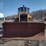 2017-caterpillar-d6n-xl-image-2
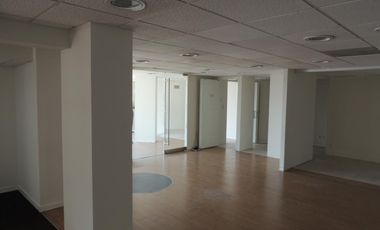 Local en renta Naucalpan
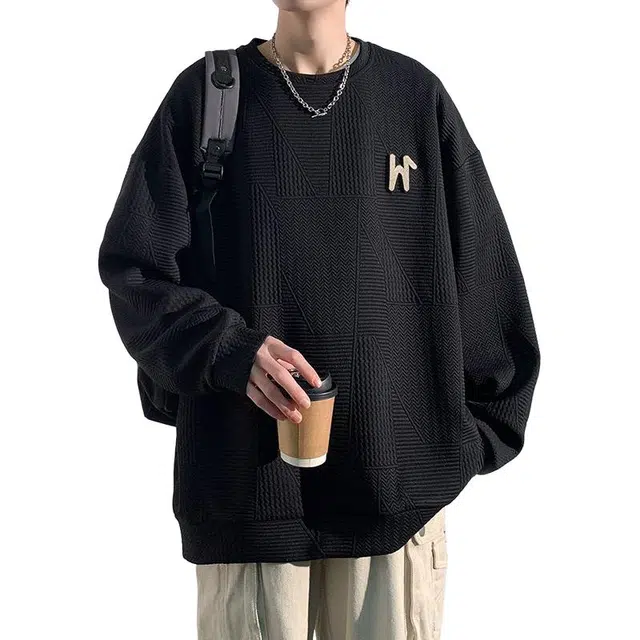 2025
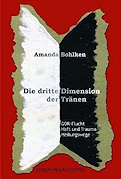 Bohlken, Amanda - Die dritte Dimension der Tr�nen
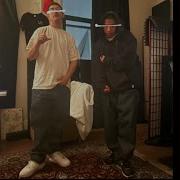 Clutchin Remix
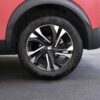 Peugeot 2008 1.2 PureTech Blue Lease Allure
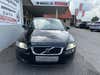 Volvo V50 D Summum thumbnail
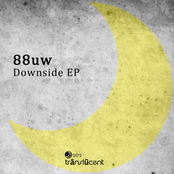 Downside EP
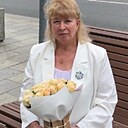 Анна, 59 лет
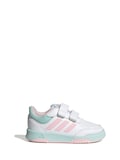 White/Pink/Mint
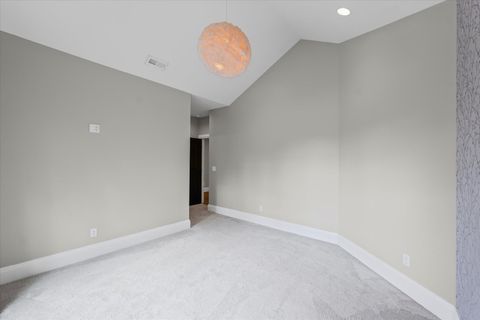 Tiny photo for 1410 E White Oak Road, Mahomet, IL 61853 (MLS # 12489148)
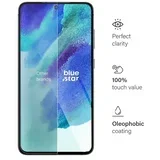 kaljeno staklo za Samsung Galaxy S21 FE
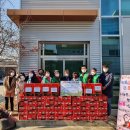 청전동행정복지센터 이미지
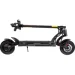  Kaabo Mantis 10 PLUS (Mantis10PLUS)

_____

#### What this task involves
What the answer needs is every line from the one with "kaljeno staklo za Samsung Galaxy S21 FE" through the last line of the data, reproduced word for word and with pictures omitted.

#### Response
 kaljeno staklo za Samsung Galaxy S21 FE
 청전동행정복지센터 이미지
  Kaabo Mantis 10 PLUS (Mantis10PLUS)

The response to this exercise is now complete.